Wednesday, November 22, 2006

A BRA STRAP. A PLAIN OLD BROKEN BRA STRAP could be the key to success. Maybe. Hopefully.

Over the years I wrote two full plays, both comedies. Over the years I tweaked the plays to the point where I felt contented and assured enough to send them "out there" to various theatres and competitions. They have yet to be produced but it was always my belief that sombody, somewhere would produce at least one of them.

Over the years I've also written some short-shorts, one of which is entitled, "The Bra." It's based on my personal experience of trying to find - actually there is no real name for it - a plastic piece that attaches to a bra strap, which adjusts the tension of the bra and keeps boobs uplifted. In my play-ette I call it "a thingie."

It was a relatively new bra and this plastic thingie broke. No problem-o I think to myself and return it to point of purchase for a replacement part or perhaps with luck, a new bra. However (the howevers in life are so annoying!) there is a policy that bras can't be returned. Something about the fact that they're worn against the skin...unhegienic or something to that effect. To make matters worse neither they nor any other lingerie store carried the plastic "thingie" I required. Based on my frustrating experience, The Bra was born.

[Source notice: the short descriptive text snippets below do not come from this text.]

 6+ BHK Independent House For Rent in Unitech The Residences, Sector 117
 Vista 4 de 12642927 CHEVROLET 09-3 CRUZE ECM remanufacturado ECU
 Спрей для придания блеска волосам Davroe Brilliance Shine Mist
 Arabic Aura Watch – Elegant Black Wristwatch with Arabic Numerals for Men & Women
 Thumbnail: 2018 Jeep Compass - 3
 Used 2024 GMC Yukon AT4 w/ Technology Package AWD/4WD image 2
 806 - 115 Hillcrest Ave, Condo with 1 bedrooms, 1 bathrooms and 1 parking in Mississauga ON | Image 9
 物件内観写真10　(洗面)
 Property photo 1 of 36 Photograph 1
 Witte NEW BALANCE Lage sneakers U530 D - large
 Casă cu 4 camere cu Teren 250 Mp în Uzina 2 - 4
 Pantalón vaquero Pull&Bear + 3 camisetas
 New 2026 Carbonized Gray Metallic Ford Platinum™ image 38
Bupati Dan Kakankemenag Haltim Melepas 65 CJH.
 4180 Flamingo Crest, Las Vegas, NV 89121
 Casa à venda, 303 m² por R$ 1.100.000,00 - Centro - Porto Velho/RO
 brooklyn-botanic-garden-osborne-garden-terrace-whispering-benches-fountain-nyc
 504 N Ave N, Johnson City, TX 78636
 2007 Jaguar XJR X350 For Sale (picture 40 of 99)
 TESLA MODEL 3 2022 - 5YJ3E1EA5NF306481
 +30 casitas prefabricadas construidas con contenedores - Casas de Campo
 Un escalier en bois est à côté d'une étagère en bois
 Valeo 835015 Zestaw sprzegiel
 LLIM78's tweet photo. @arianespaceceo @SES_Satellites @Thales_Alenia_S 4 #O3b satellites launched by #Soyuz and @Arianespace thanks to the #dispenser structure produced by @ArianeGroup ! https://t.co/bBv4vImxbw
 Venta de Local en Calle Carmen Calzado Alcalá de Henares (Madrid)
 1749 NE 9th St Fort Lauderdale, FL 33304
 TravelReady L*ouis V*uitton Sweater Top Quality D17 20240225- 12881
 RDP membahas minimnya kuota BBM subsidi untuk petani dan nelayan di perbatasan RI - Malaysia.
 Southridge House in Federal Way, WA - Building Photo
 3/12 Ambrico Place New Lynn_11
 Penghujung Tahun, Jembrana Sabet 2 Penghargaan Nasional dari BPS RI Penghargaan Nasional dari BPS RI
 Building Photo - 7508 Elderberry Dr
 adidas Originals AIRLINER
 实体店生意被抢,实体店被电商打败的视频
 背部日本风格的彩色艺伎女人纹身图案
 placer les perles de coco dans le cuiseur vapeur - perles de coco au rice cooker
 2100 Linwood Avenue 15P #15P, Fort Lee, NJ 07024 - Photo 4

Only once has it been seen in public in a reading of my short-shorts but for some reason or another it has caught the imagination of the public. Wherever I go friends and aquaintances make a point of asking me about "the bra."

"I heard about your play...something to do with a bra..." people will tell me.

So the word is out: my bra is "in."

As an aside I still have "the bra" in question and bring it along as a prop. Even more interesting to me is how everyone wants to examine it. I mean, a bra is a bra is... Mind you, someone recently told me that she experienced the same problem and asked advice as to what she could do. Suddenly I'm a bra advocate!

You just never know what will catch the imagination of people. Imagine - my bra and the thingie of course. In case anybody reading this is interested, I also have a short-short based on my experience trying to get a free tea refill at a well-known fast food chain.